The localization of photosensitizers and timely efficacy evaluation highly affect efficiency of photodynamic therapy (PDT) and the resistance of residual tumor cells. Mitochondria-targeted PDT is an effective modality; however, it may encounter certain resistance caused by autophagy, a cytoprotective manner competing with cell apoptosis. Mitochondria and RNA interact closely in cell apoptosis and autophagy processes. Here, a multifunctional photosensitizer (M1) is developed for cascade mitochondria- and RNA-targeted PDT and efficacy self-monitoring. It possesses the capabilities of radical reactive oxygen species generation and migration from mitochondria to RNA in cells accompanied by fluorescence turn-on during PDT. The subsequent RNA targeting by M1 can suppress autophagy and promote mitochondria-mediated cell apoptosis. Moreover, with RNA-specific switch-on and photostable fluorescence, M1 can also be used for real-time monitoring therapeutic responses of PDT. Our study provides insights into the mechanism and regulation of cell apoptosis, autophagy, and PDT resistance by a cascade-binding photosensitizer, inspiring the design of multi-targeted and fluorescence-switchable single-molecule photosensitizers.
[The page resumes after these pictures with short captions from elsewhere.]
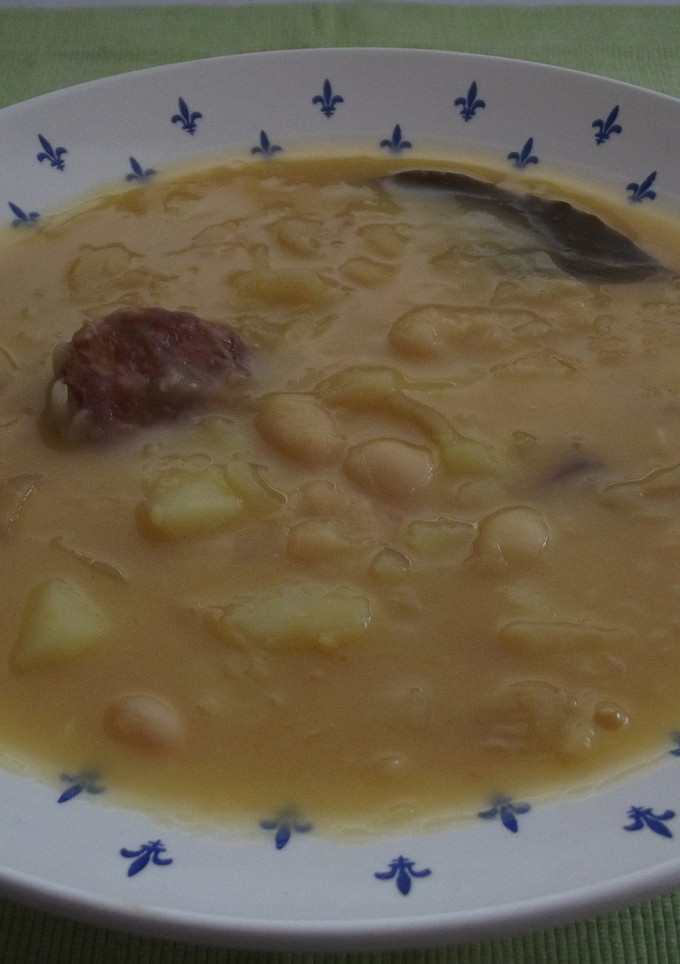 Una foto de Judías estofadas con chorizo de Salamanca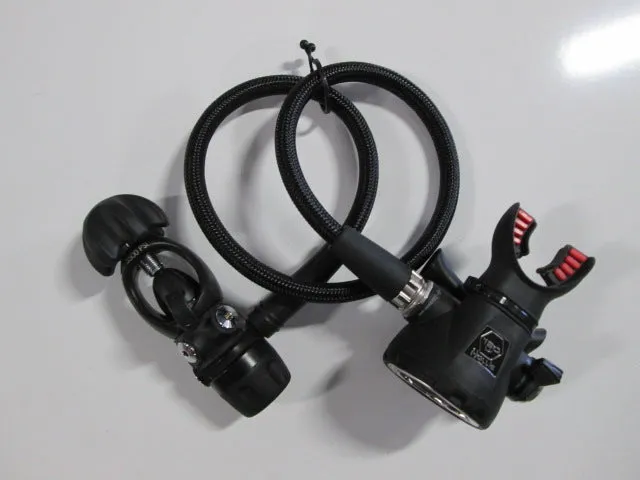 Hollis DC7 DIN or Yoke first stage and 150LX second stage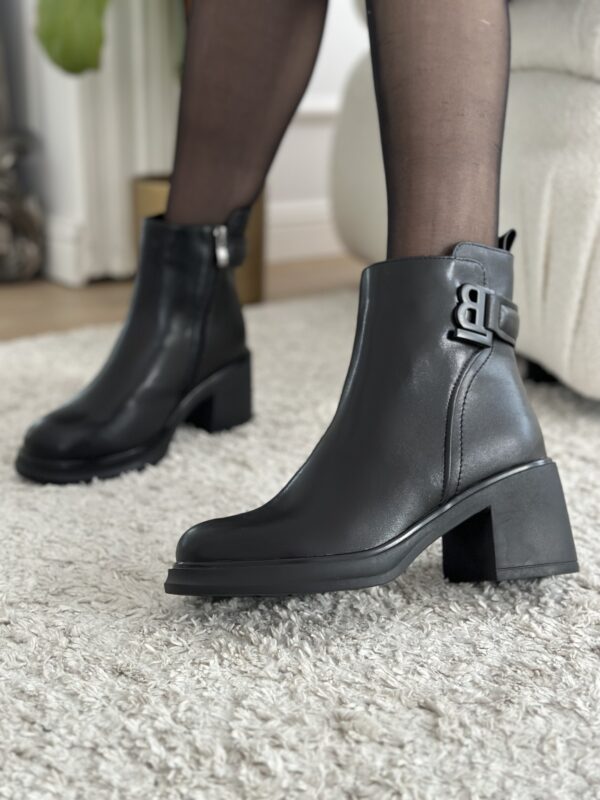 Skórzane botki na wygodnym obcasie Velongi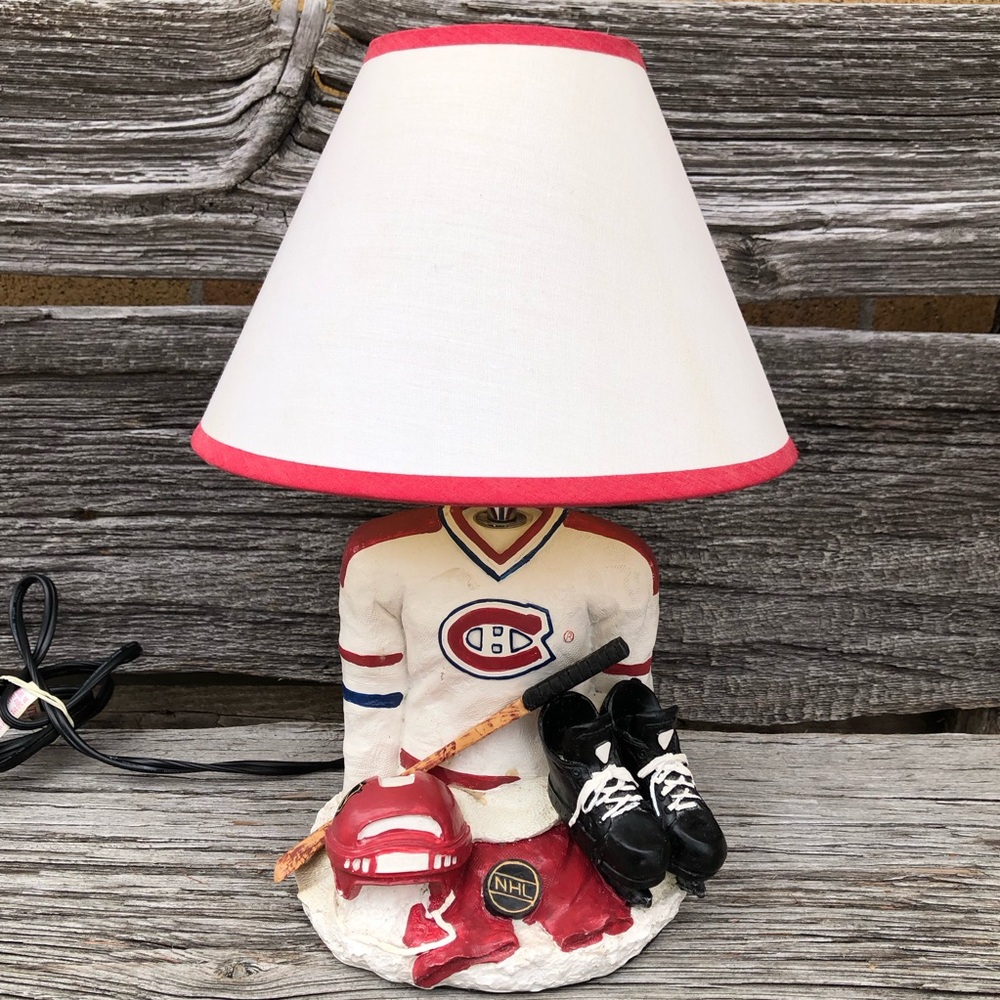 Montreal Canadiens vintage NHL statue desk lamp with a hockey themed base 90s ❤️
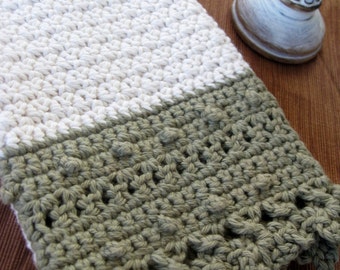 Vieux Carré Towel Crochet Pattern // Doigt, main ou serviette de bain // Cadeaux de pendaison de crémaillère // Cadeaux de mariage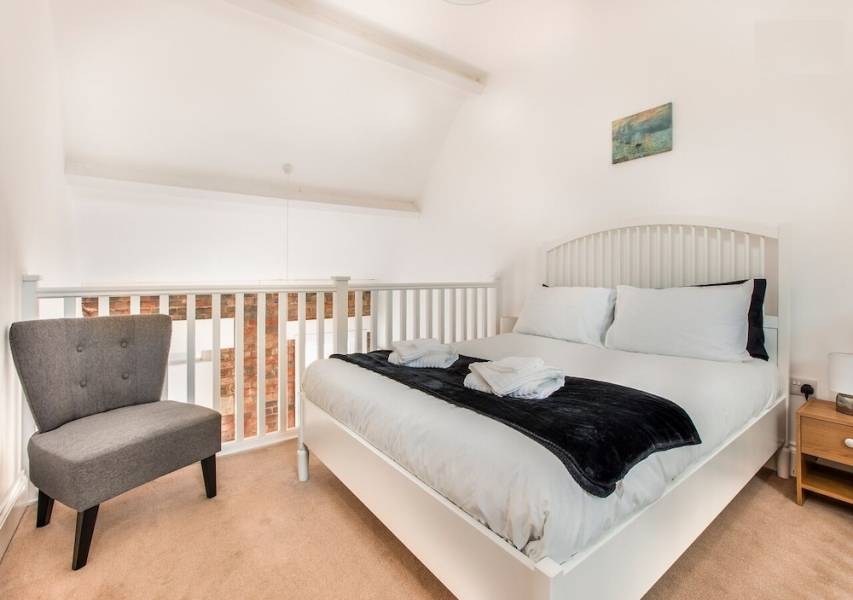 Grand 1 Bed View & Parking by Opulent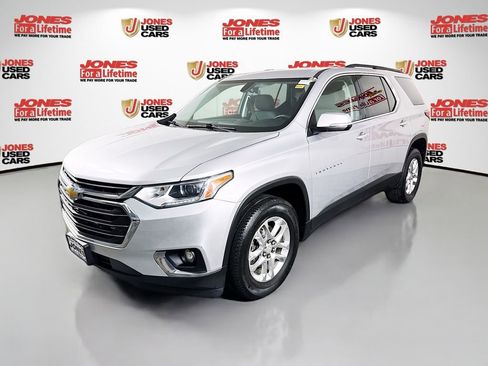 Used 2021 Chevrolet Traverse LT image 12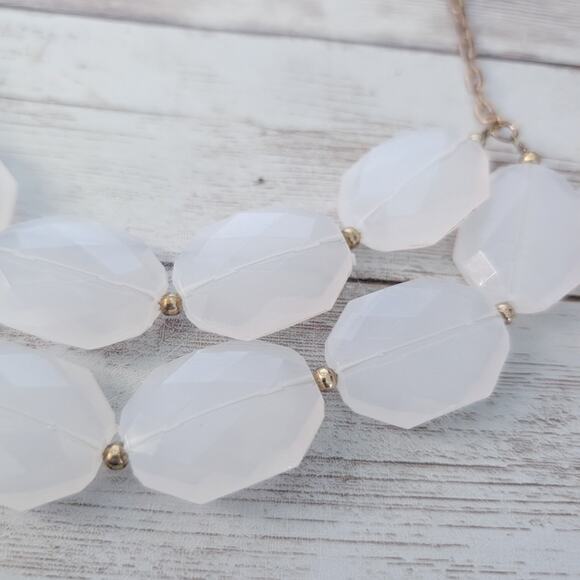 Light Pink Chunky Statement Necklace - Picture 3 of 7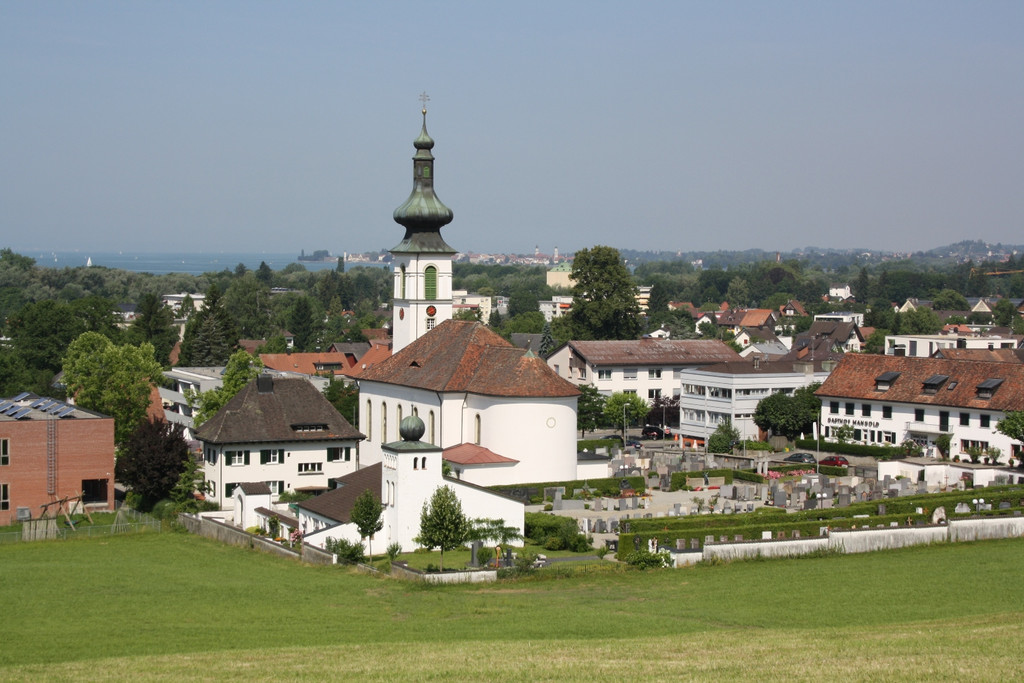 2014 Titel KIRCHE Ausschnitt April 2014.jpg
光敏剂的定位和及时的疗效评估高度影响光动力疗法（PDT）的效率和残留肿瘤细胞的抵抗力。线粒体靶向 PDT 是一种有效的方式；然而，它可能会遇到由自噬引起的某些抵抗，自噬是一种与细胞凋亡竞争的细胞保护方式。线粒体和 RNA 在细胞凋亡和自噬过程中密切相互作用。在这里，开发了一种多功能光敏剂 ( M1 )，用于级联线粒体和 RNA 靶向 PDT 和功效自我监测。它具有在细胞中产生自由基活性氧和从线粒体迁移到 RNA 的能力，并在 PDT 期间伴随荧光开启。随后通过M1靶向 RNA能抑制自噬，促进线粒体介导的细胞凋亡。此外，通过 RNA 特异性开启和光稳定荧光，M1还可用于实时监测 PDT 的治疗反应。我们的研究提供了对级联结合光敏剂对细胞凋亡、自噬和 PDT 抗性的机制和调节的见解，启发了多靶点和荧光可切换的单分子光敏剂的设计。